I get the impression that everything below got wet soon after the start of both voyages. Real misery, there, but in my experience the same thing happens offshore in any boat smaller than about 35 feet, no matter how well you cork the bottle.
Being wet and cramped, for months on end, combined with the violent motion of such boats, brings me to a crucial observation about ambitious voyages in tiny vessels: It’s not the boat. No amount of clever design will keep the small boat voyager comfortable and dry. The variable is the skipper. Such a crossing requires physical stamina, but more than anything, a mental toughness that I’m pretty sure I don’t possess. Gerry Spiess, and not many others, had what it takes. •SCA•
A wonderful, insightful review. Thanks for bringing a boat designer's viewpoint to Yankee Girl. I also spent a little time on Yankee Girl as I helped write Alone Against the Atlantic. The inside of the 10-foot boat is more spacious than it appears and yes, it was wet on the high seas.
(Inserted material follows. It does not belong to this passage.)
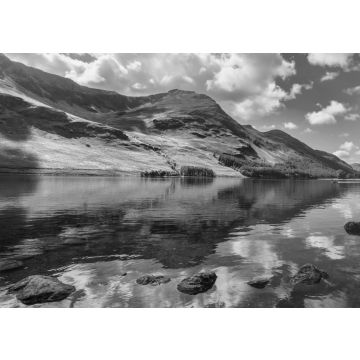 Lais Puzzle - Berge spiegeln sich in einem See im schönen Lake District in England in schwarz weiß - 500, 1.000 & 2.000 Teile
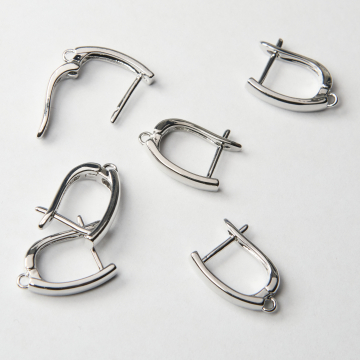 Bigle zamykane z podwieszeniem z mosiądzu w kolorze srebrnym 18mm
For what it was like, I have excerpted a chapter from Alone Against the Atlantic in my newest book, Bold Sea Stories 2. SCA has that chapter and is considering running "Overboard," in a future issue. Hint: It will not make anyone especially anxious to go to sea in a 10-foot boat, not Yankee Girl, nor a John Harris design. But it's good reading. Imagine falling off those North Atlantic waves!
I'm sure you've read Webb Chiles; it's not the boat. He was a landlocked dreamer as well, and after 6 trips around the big blue marble he is contemplating another. His ride this time is a Moore 24, ultra light displacement with an asymmetrical spinnaker. Relative luxury in contrast to the Drascombe Lugger he took out of San Diego in the late 70s.